И настолько мысль мне по душе, что я заключил падре Гонсалеза в объятия, будто он – одна из моих невест, и благодарил, и целовал его в щеки – до губ не дошло, мы же – мужчины в розовых панталонах!
Мужчины друг друга не целуют, потому что противоречит морали и эстетизму, всё равно, как собака играла бы на рояле.
Потешно: бредет пёс Белый Бим чёрное ухо по роялю, а из-под лап доносится дивная музыка Небесных сфер.
«Падре, Гонсалез! Верю, что земляника вкусная, а она кровью застыла на ваших губах, просветите меня о брошенных собаках, точнее – о романистах, что пишут только один сюжет о бедном псе: пёс нуждался в человеческом любви, а пса бросили, оставили голодного и сирого умирать, или – хозяин умер, а пёс ждал его до самой своей смерти, пока лапы не устремились в небо, а язык вывалился из пасти.
Что находят новеллисты в сюжете о бедном брошенном псе: так разгуливают свой комплекс неполноценности? тешат садомазохистские свои чувства в надежде, что дети рыдают, а их родители лезут в петлю, отдают свою жизнь за жизнь написанного пса?
Зачем о бедном псе?
К чему о брошенной собаке?
Искусство предназначено для услаждения, для приятного, и это приятное – противовес дурному обыденному, как на шляпу Статуе Искусств, чтобы не упала, приварили свинцового голубя.

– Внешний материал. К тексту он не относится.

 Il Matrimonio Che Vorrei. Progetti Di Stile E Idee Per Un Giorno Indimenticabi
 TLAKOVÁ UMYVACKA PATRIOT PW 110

Не голубь, а – бык, но смотрится издалека миролюбиво, политкорректно – трехцветный: белый, черный, желтый».
«Не всё в нашем Мире покупается и продается, даже – отсутствие вакуума, – падре Гонсалез произнес после продолжительного молчания, я бы потрогал его – не умер ли падре? не охладел ли? но падре ожил словами – так оживает на холсте сельский пейзаж. – Я пастырь ваш, князь Мишель де Болконски, поэтому и расскажу о психологическом соответствии двух овечек: Долли и Колли.

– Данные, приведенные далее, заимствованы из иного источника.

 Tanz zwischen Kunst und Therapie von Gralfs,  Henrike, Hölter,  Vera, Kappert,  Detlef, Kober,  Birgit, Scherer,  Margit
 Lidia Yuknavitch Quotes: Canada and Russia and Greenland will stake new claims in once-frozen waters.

В юношестве, когда передо мной открылись дороги Судьбы, то есть – профессий – выбор широчайший: эстетика, литература, танцы, музицировании, изобразительное искусство, театр, философия эстетики и всего остального — я вышел в чистое поле, и подобно Эзопу, бросил камень в черепаху – пусть поведает мне, что и кому я должен.